Detroit, the cradle of the automobile assembly line and a symbol of industrial might, filed the biggest U.S. municipal bankruptcy after decades of decline left it too poor to pay billions of dollars owed bondholders, retired cops and current city workers.
“I know many will see this as a low point in the city’s history,” Michigan Governor Rick Snyder, a Republican, said in a letter yesterday authorizing the filing in U.S. Bankruptcy Court in Detroit. “Without this decision, the city’s condition would only worsen.”
Michigan’s largest city joins Jefferson County, Alabama, and the California cities of San Bernardino and Stockton in bankruptcy. The filing shattered the presumption of many bondholders that local governments, eager to continue borrowing at reasonable rates, would do whatever it took, including raise taxes, to come up with the money to meet bond obligations. Kevyn Orr, the city’s emergency manager, said the debt is $18 billion.

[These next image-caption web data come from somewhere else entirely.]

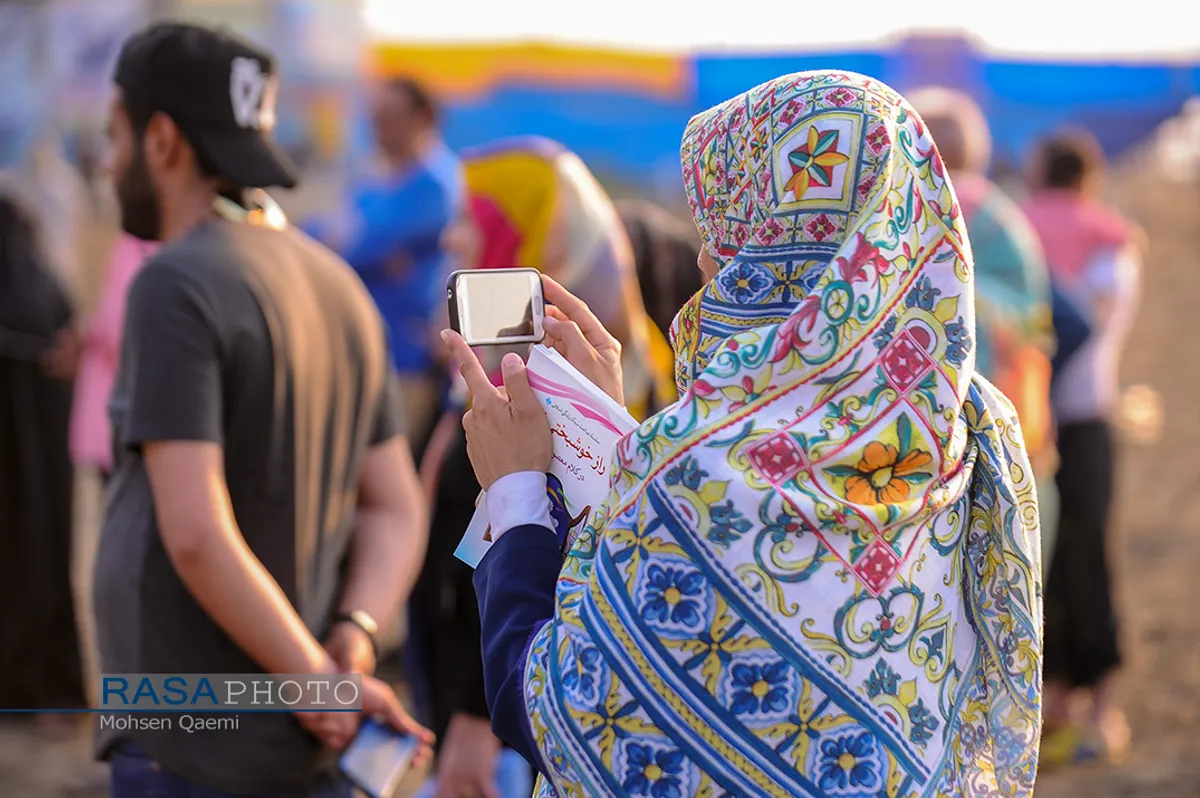 تبلیغ طلاب جوان در ساحل دریا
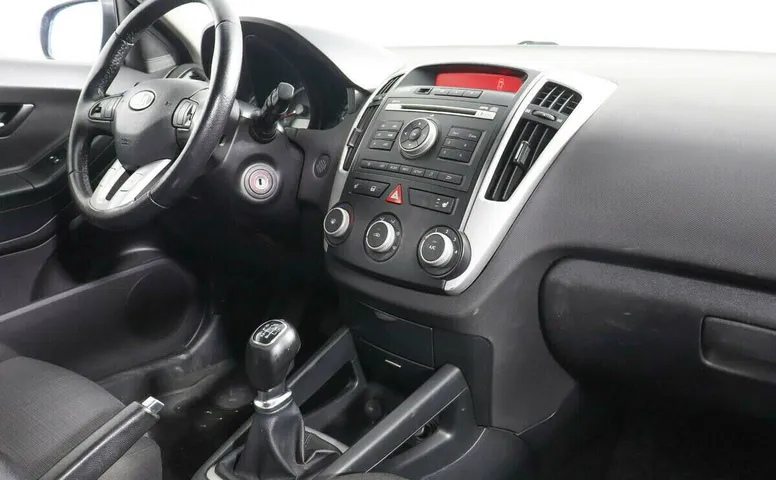 Kia Ceed I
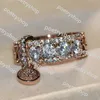 Anneaux de bande Offre spéciale Infinity tout nouveau 2019 bijoux en argent Sterling blanc clair topaze CZ diamant clé femmes mariage Vintage bande Ring2024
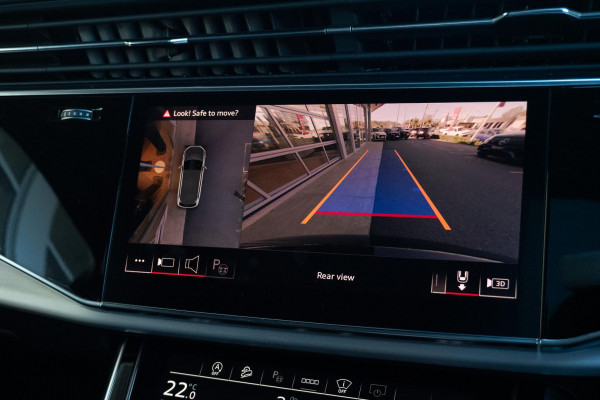 2024 MY25 Audi Q7 4M 55 TFSI S line SUV image 15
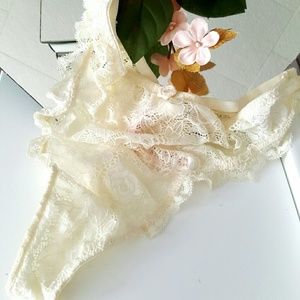 ✨HP ✨🔥Hot Lace VS Thong💋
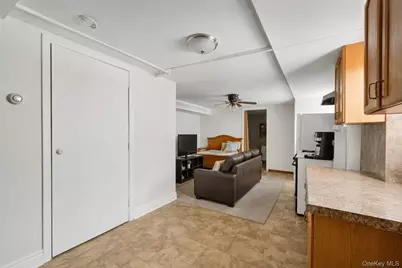 1736 Parkview Avenue, Bronx, NY 10461 - Photo 22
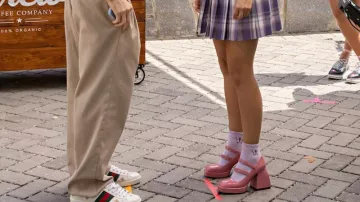 Pink Chunky Strappy Pumps porté par Camila Mendes sur le tournage du film Do Revenge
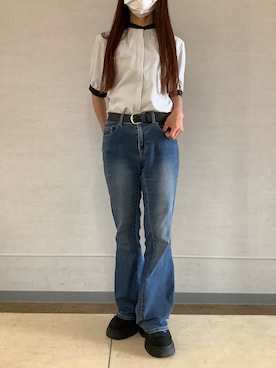 「TOKYO SHIRTS（トウキョウシャツ）の【吸水速乾】【COFREX】配色 ギャザー衿 ブラウス 五分袖 レディースデザインシャツ（シャツ/ブラウス、グレー系）」を使った、BRICK HOUSE シャツ工房 長崎夢彩都店さん（レディース・162cm）の夏コーディネート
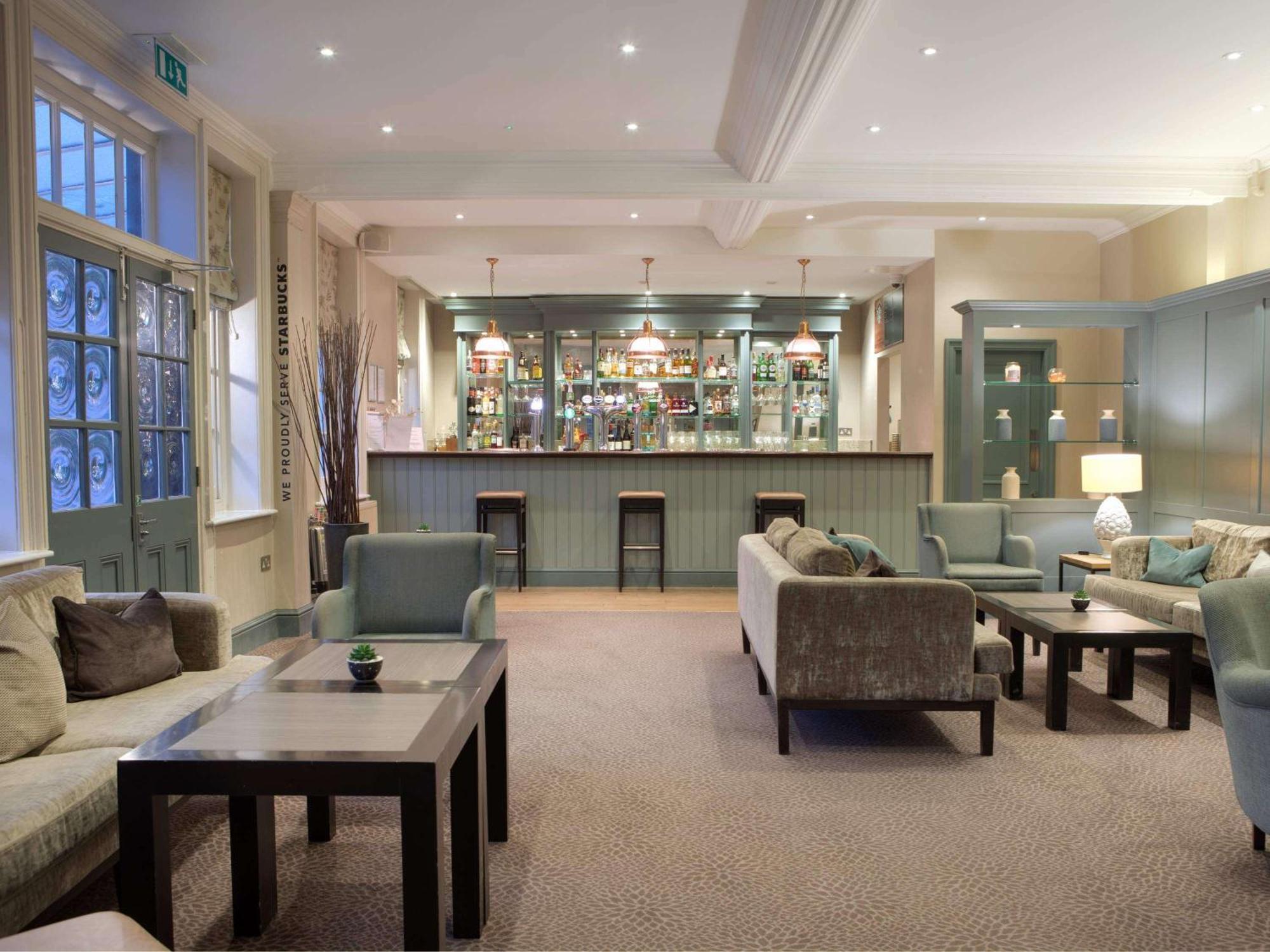 Sunday Box Hill Burford Bridge Hotel Dorking Exterior foto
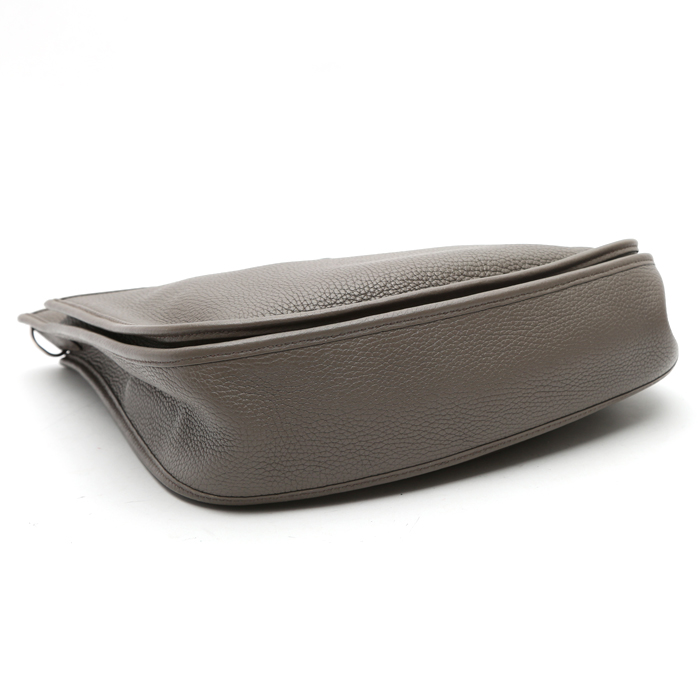 Sac bandoulière Hermès  Evelyne moyen modèle  en cuir togo gris - Detail D4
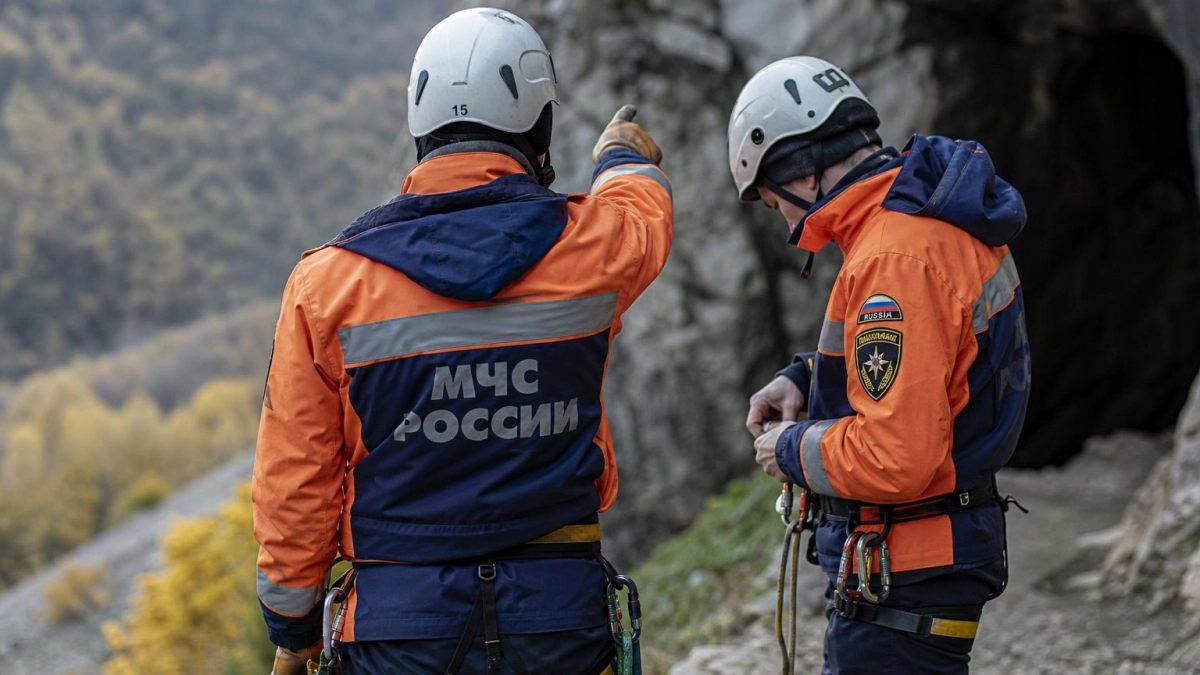 В Сочи осудили гида без лицензии после гибели туристки во время экскурсии в пещеру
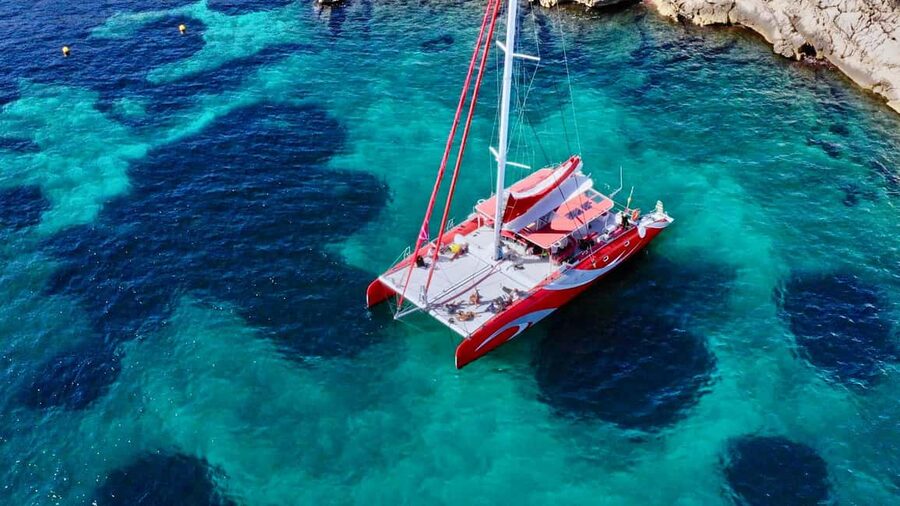 Marseille : Calanques Catamaran Cruise with Lunch & Wine - Why a catamaran is a good way to see the Calanques
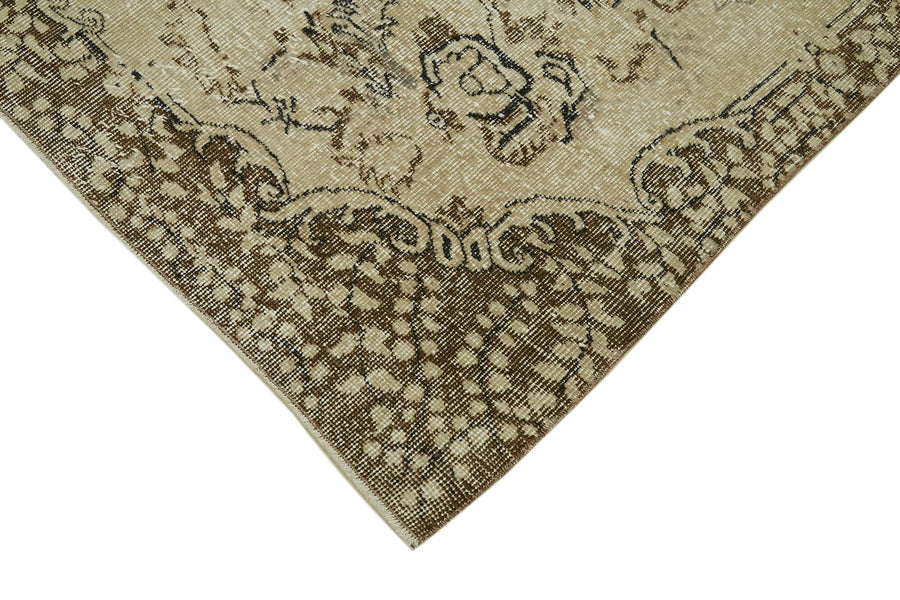 Beiger Vintage Orientteppich mit Medaillon 167x260 cm – im Wohnzimmer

While under court protection, Detroit can stop paying some debts, is temporarily immune from most lawsuits and may be able to ask a judge to cancel contracts, including union agreements. Under Chapter 9 of the U.S. Bankruptcy Code, the first step is likely to be a court fight over whether the city was entitled to bankruptcy protection, a challenge that would ask if the city was truly insolvent and it had no alternative to filing.